» **DATA**:
=-=-=-=-=
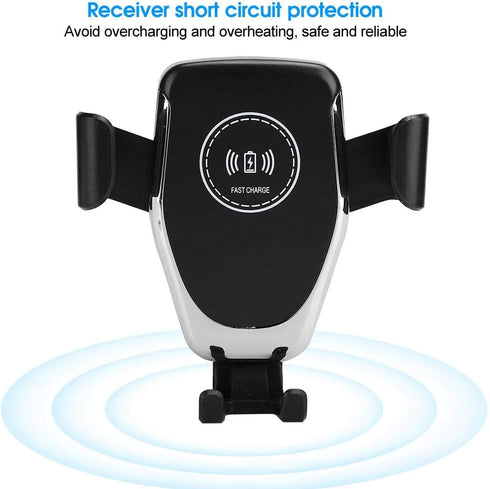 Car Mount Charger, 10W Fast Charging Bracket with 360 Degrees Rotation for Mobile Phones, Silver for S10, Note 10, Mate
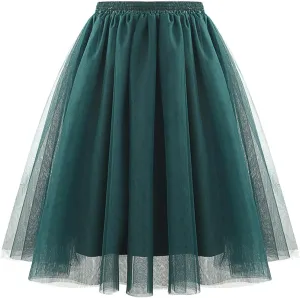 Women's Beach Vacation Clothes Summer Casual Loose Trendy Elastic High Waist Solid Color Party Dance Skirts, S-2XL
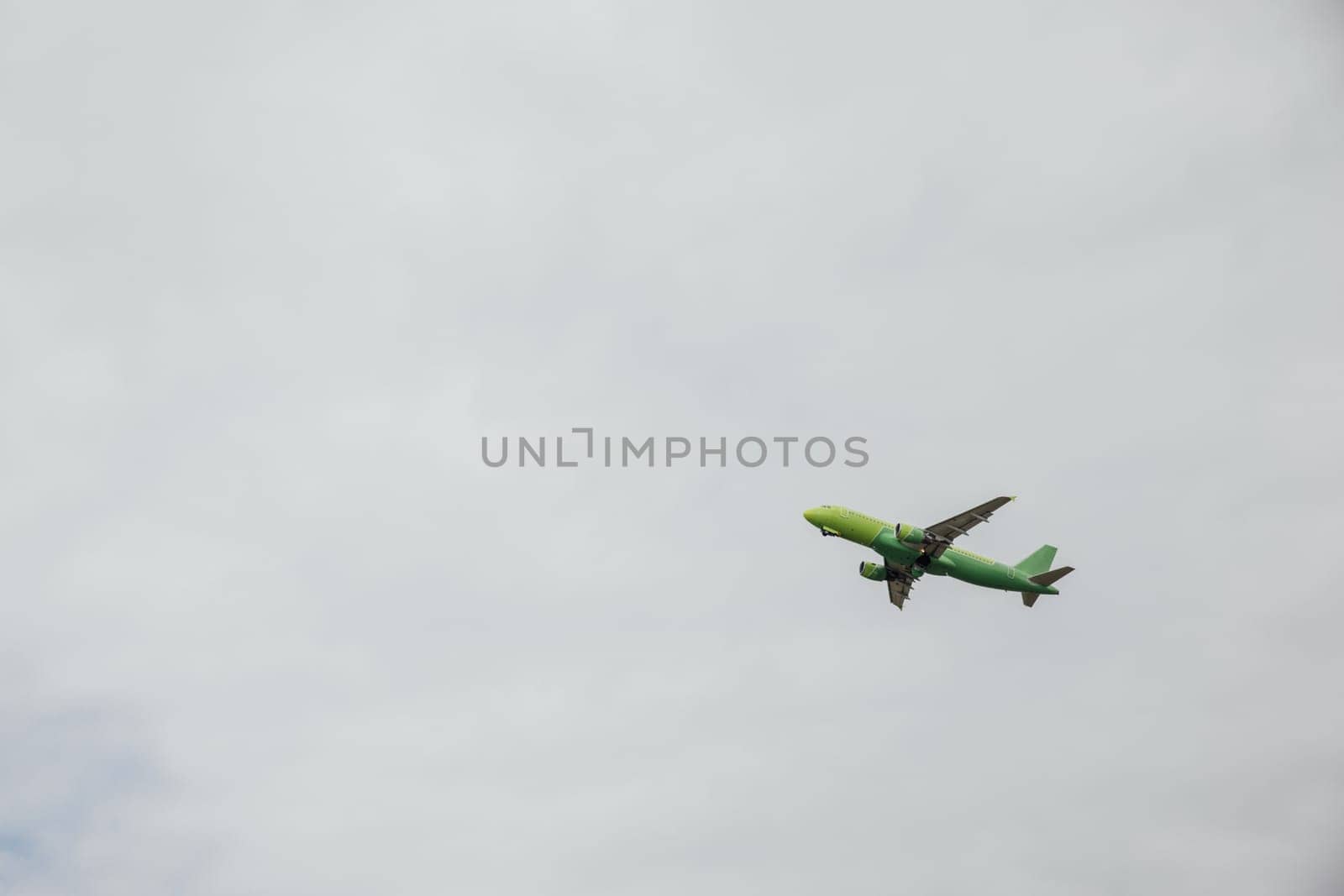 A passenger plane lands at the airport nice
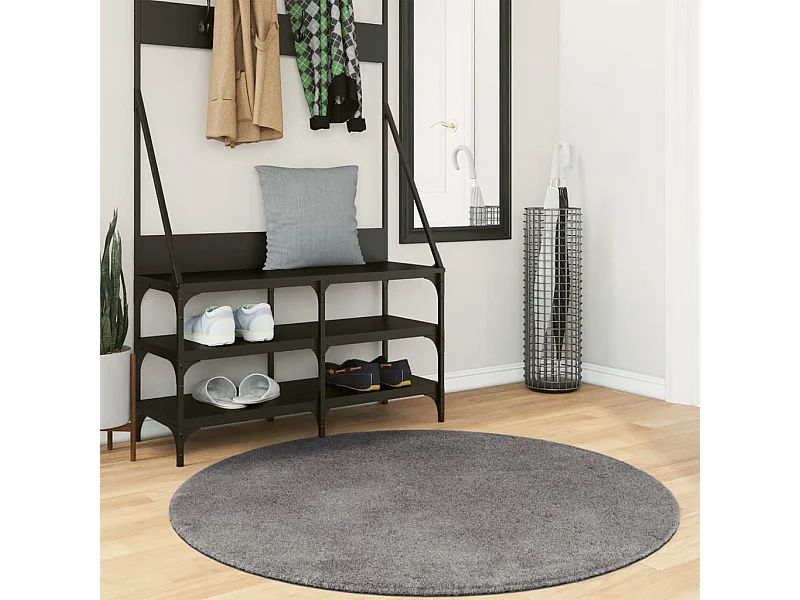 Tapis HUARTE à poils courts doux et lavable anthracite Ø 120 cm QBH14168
=-=-=-=-=
» **PROBLEM DESCRIPTION**: Output nothing but an exact retyping of the material, pictures excluded.

» **RESPONSE BELOW**:
 Car Mount Charger, 10W Fast Charging Bracket with 360 Degrees Rotation for Mobile Phones, Silver for S10, Note 10, Mate
 Women's Beach Vacation Clothes Summer Casual Loose Trendy Elastic High Waist Solid Color Party Dance Skirts, S-2XL
 A passenger plane lands at the airport nice
 Tapis HUARTE à poils courts doux et lavable anthracite Ø 120 cm QBH14168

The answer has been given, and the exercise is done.